The airlines merger: Bitter past is prologue
Culminating US Airways' shafting of taxpayers as that carrier and American Airlines combine, their merger, now a done deal, remains a bad deal for airline passengers in general and for the Pittsburgh region in particular.
Federal judges green-lighted the merger by approving a settlement of antitrust litigation filed by the U.S. Justice Department and six states' attorneys general, including Pennsylvania's. The new American Airlines agreed to relinquish some landing rights at seven airports, but with 80 percent of the market now controlled by just four major carriers, that will do little to address diminished industry competition that inevitably means higher fares.
The Pittsburgh area will lose US Airways' flight operations center in Moon — built with $4 million in public subsidies — and its approximately 700 jobs. It's a painful echo of US Airways' pillaging of the public purse for Pittsburgh International Airport's heavily subsidized rebuilding to the airline's specifications, only to strip it of hub status, hundreds of flights and thousands of jobs.

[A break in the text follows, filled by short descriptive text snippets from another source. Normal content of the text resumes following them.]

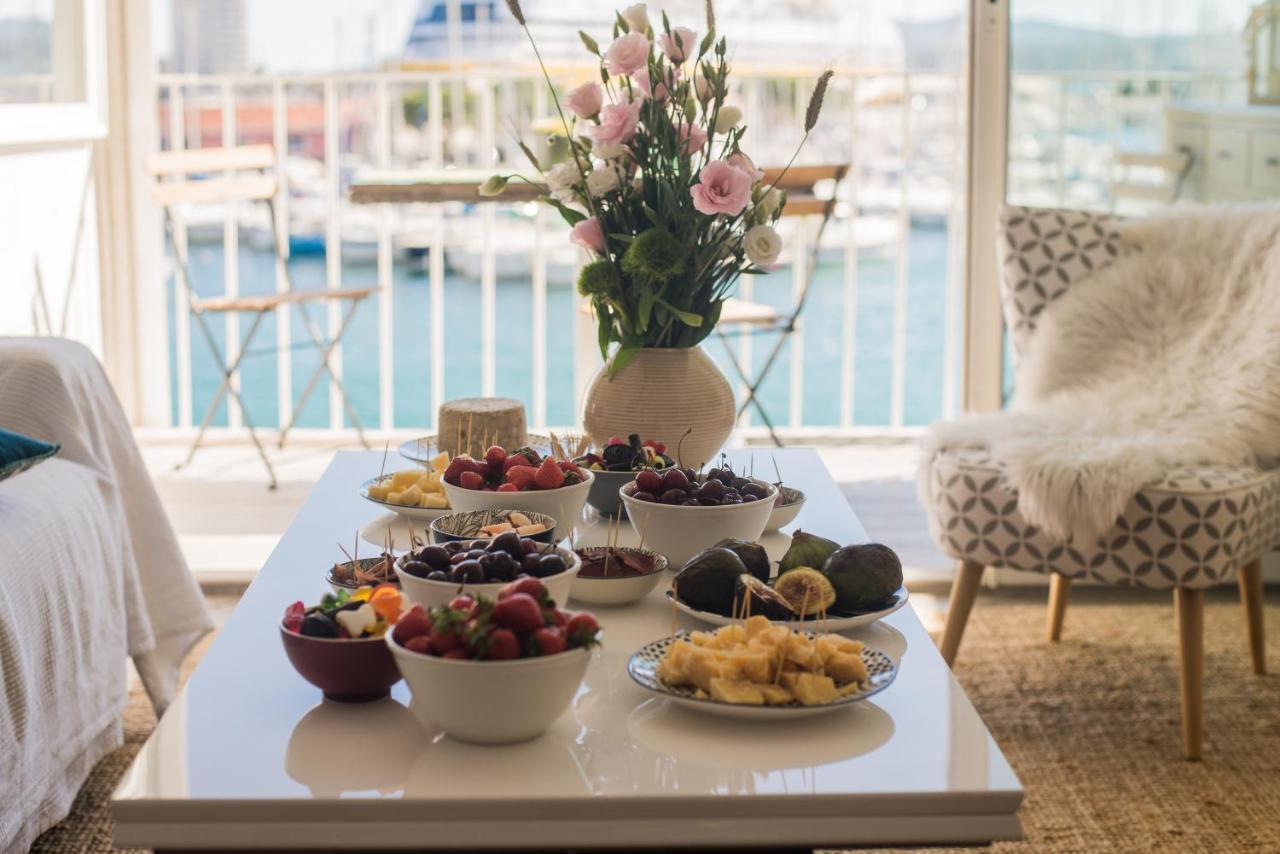 Marinca Du Port De Toulon Apartment Luaran gambar
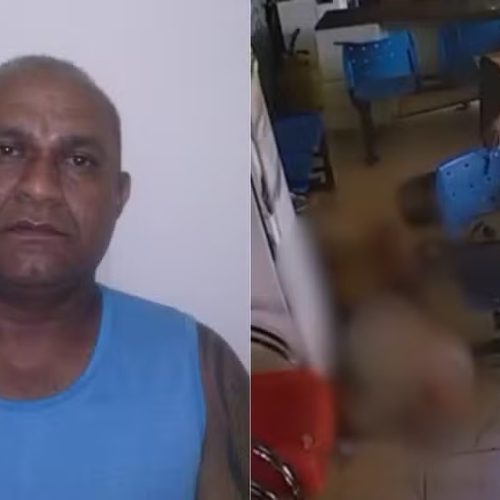 Dono de lava-jato é morto a tiros em Bacabal; câmera registra o crime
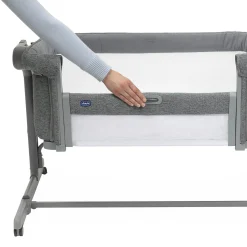 chicco Beistellbett NEXT2ME Magic EVO Dark Grey* Babybetten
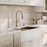 Fireclay White Kitchen Sink 9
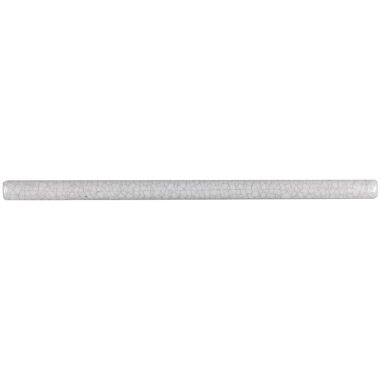 Craquelure Pencil Tile 1" x 12" - Vinatge White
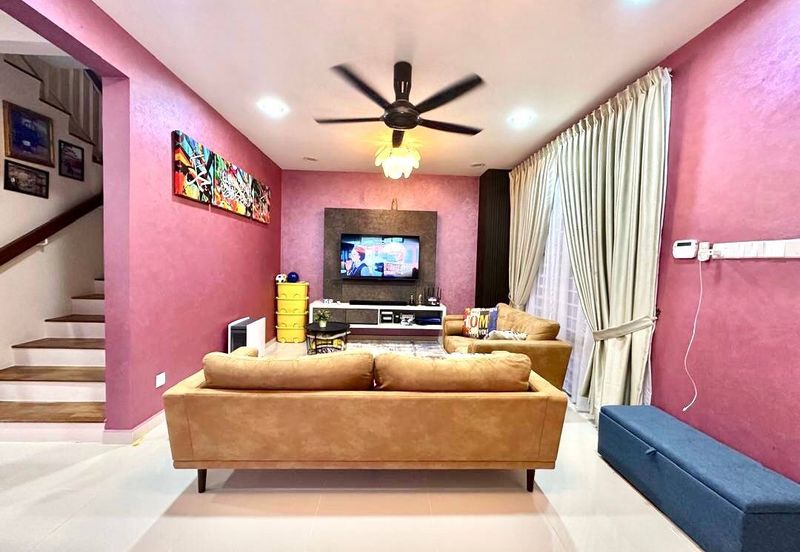 DOUBLE STOREY TERRACE TAMAN DESA BUDIMAN BANDAR SUNGAI LONG KAJANG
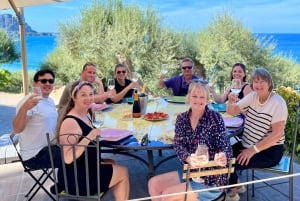 Kochkurs für frische Pasta und Fleisch in einer charmanten Villa in Cefalù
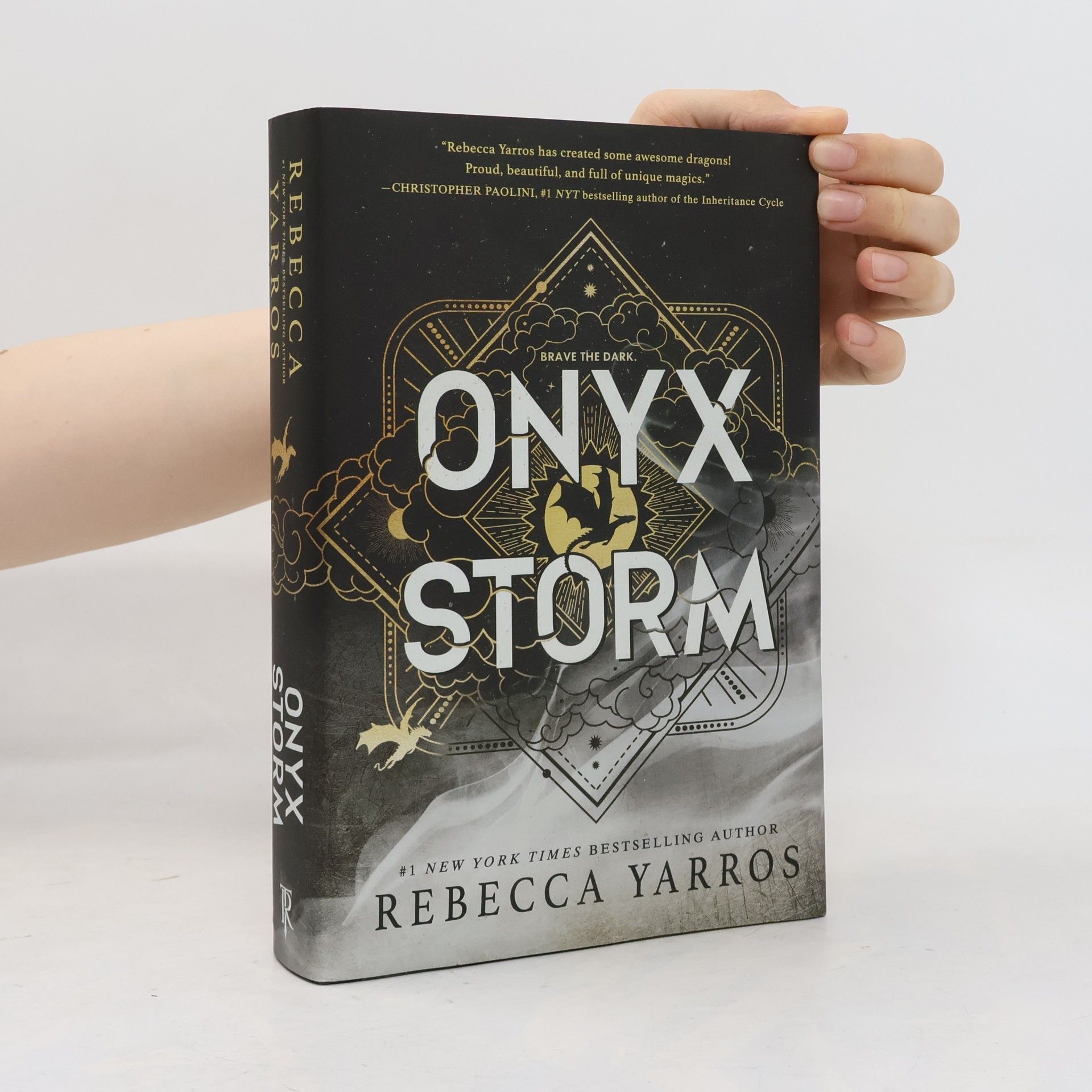 Rebecca Yarros Onyx Storm (Deluxe Limited Edition)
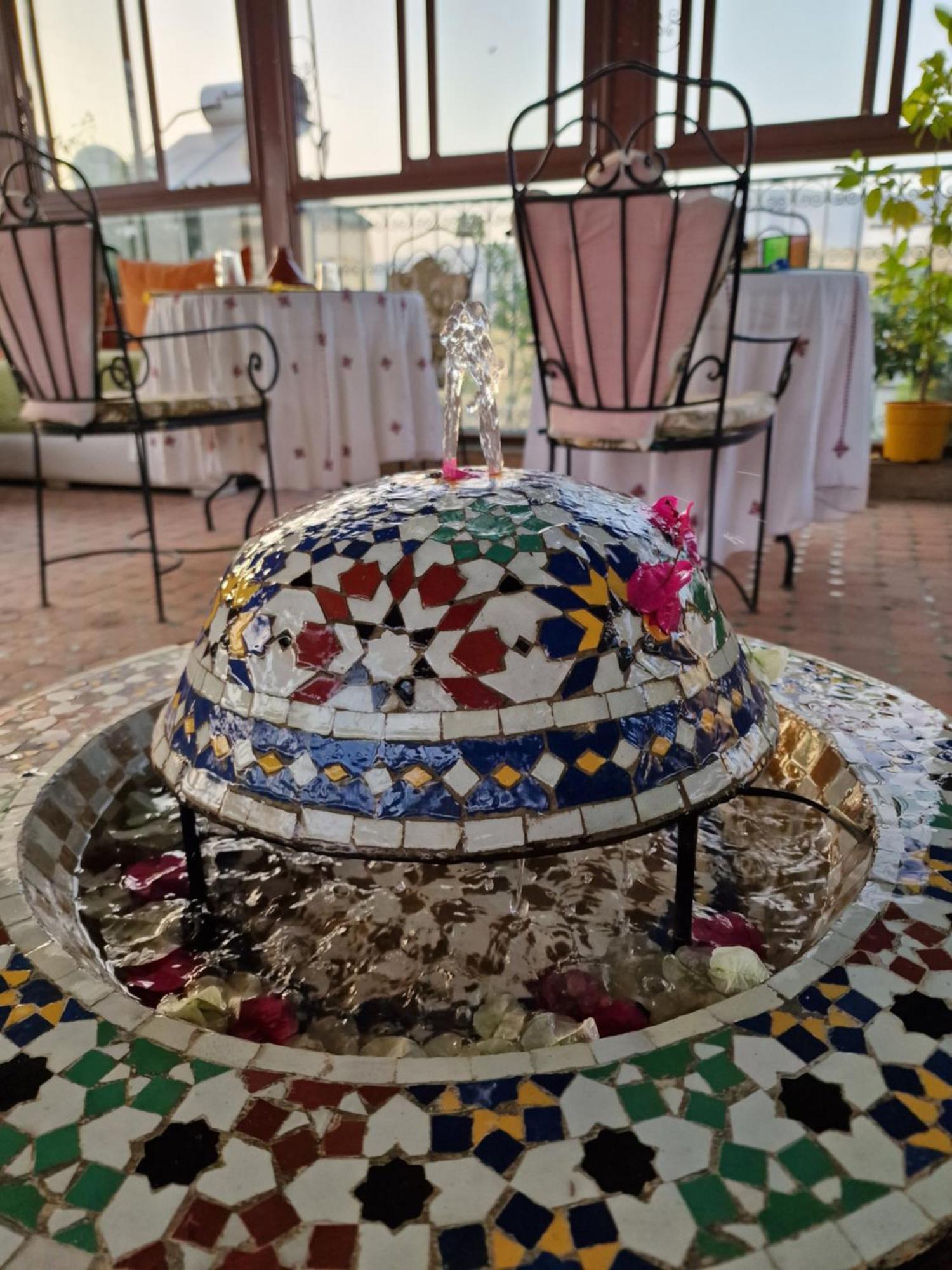 Ryad Zahrat 페스 외부 사진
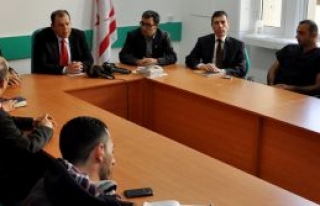 Hasta ziyaretleri gerçekleştirdi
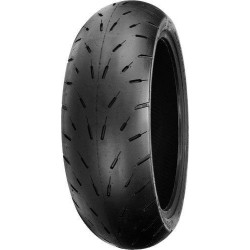PartzBiz HD WP87-4651P - Shinko 87-4651P Tire 003 Hook-Up Pro Drag Rear Tire 190/50Zr17 73W Radial | 87-4651P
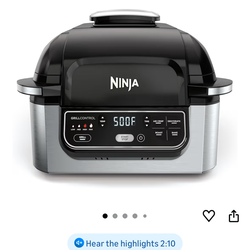 Ninja Foodi Grill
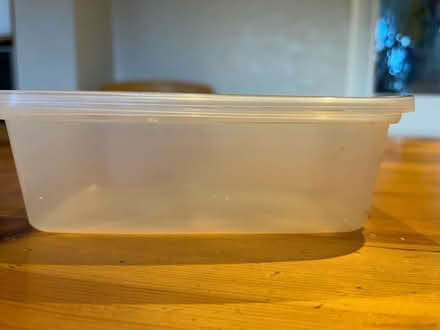 Photo of free Plastic containers with lids (Tattenhall CH3) #2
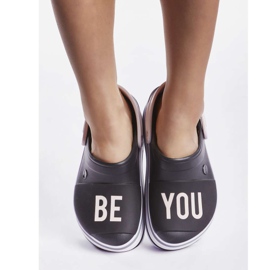 Crocs Cb Platformă Bold Color Gloane 001 Negru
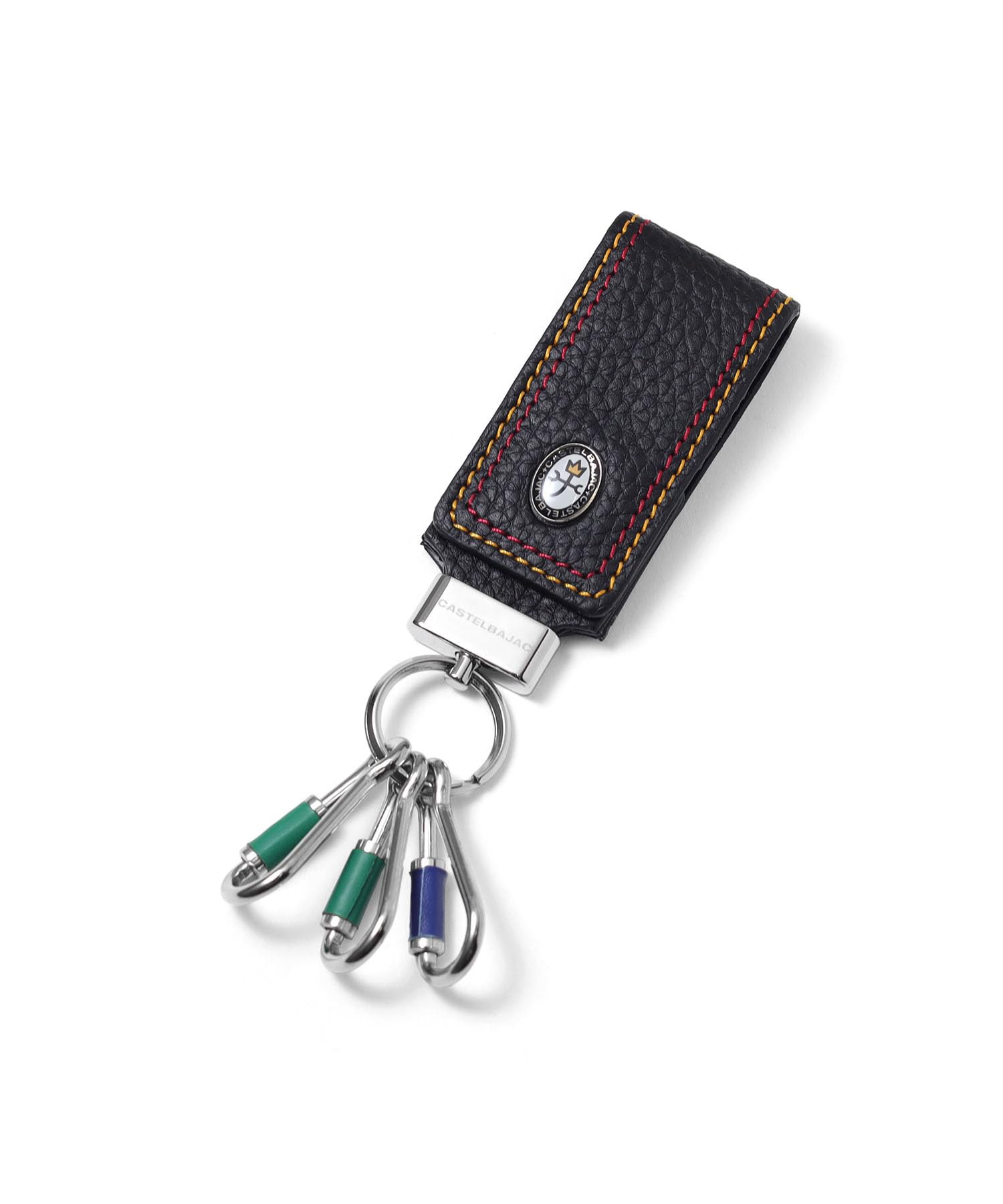 

Castelbajac Black Thread x H9 x D1 cm Men s Keychain, W3.5 чёрный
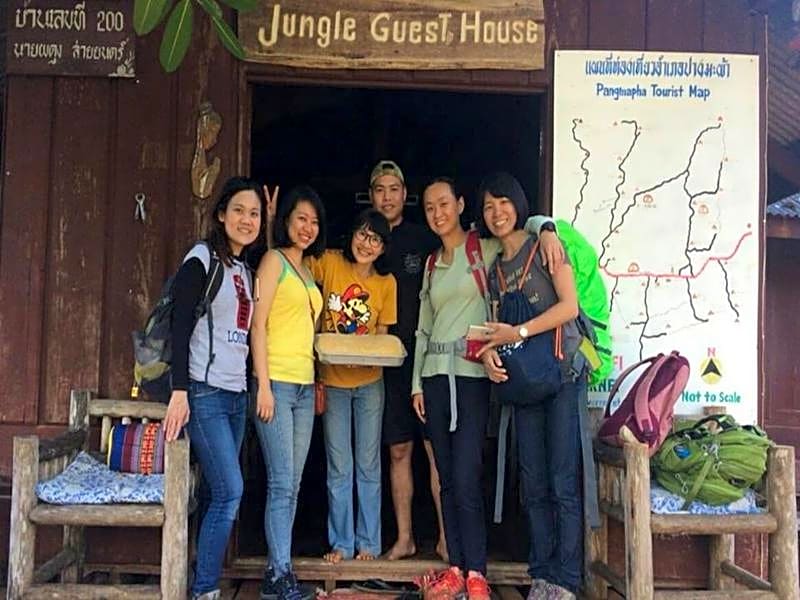 Jungle guest house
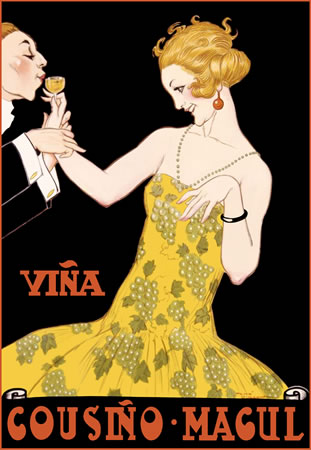 Vina Cousino Magul by Rene Vincent Vina Cousino Magul by Rene Vincent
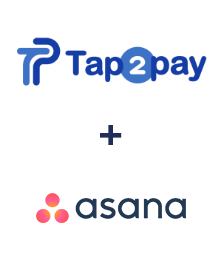 Integração de Tap2pay e Asana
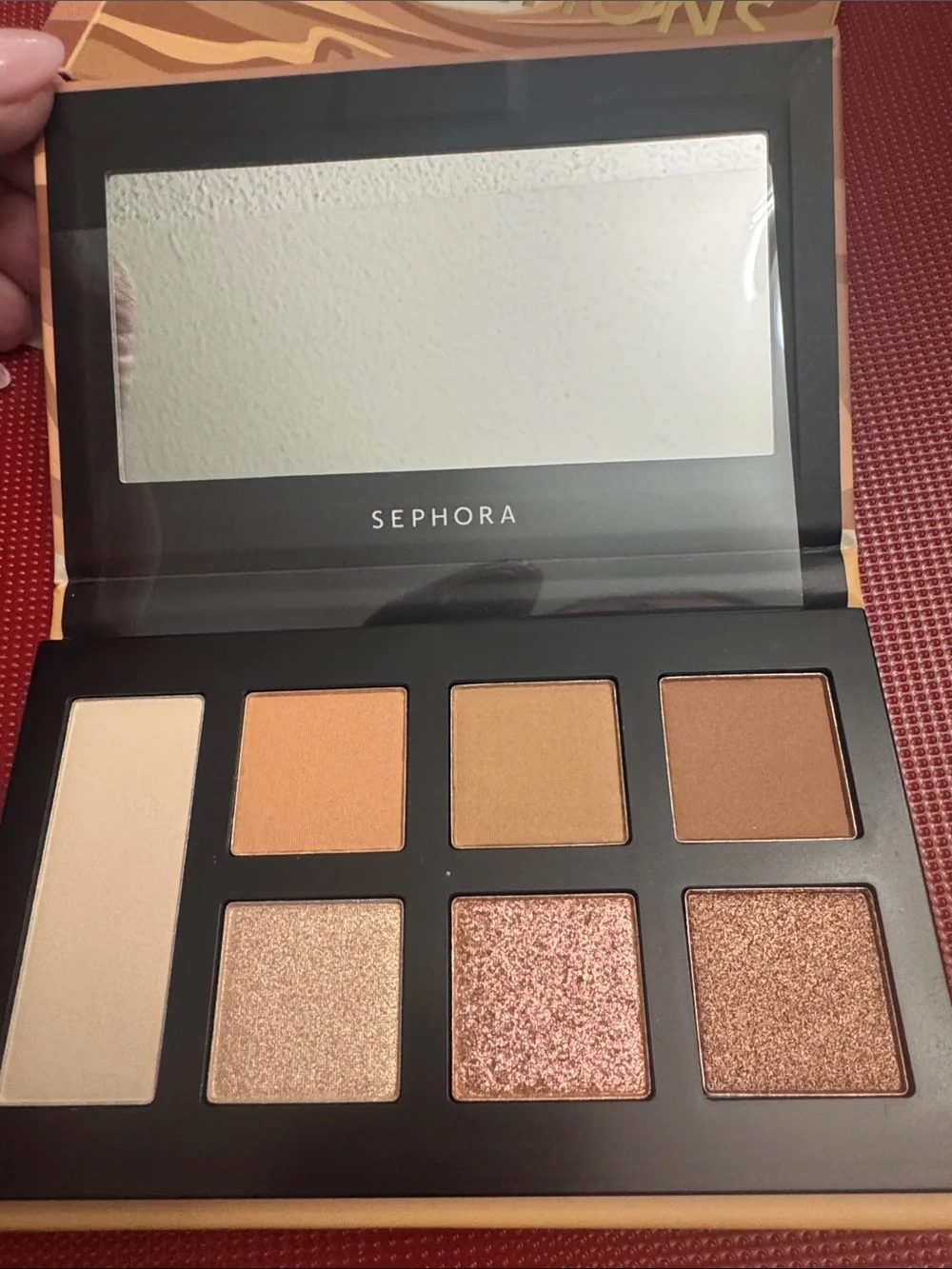 Sephora Destinations Neutral & Warm Earthtone Eyeshadow Palette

US Airways' heavy maintenance facility at the airport may fare better, with its 675 unionized workers' Airbus expertise needed as the merged carrier adds 260 such aircraft over the next nine years. But that's little comfort for Western Pennsylvania. And claims by credibility-challenged Doug Parker, the merged airline's CEO — who engineered Pittsburgh's shafting as US Airways CEO — that fares won't rise are just as little comfort for passengers nationwide.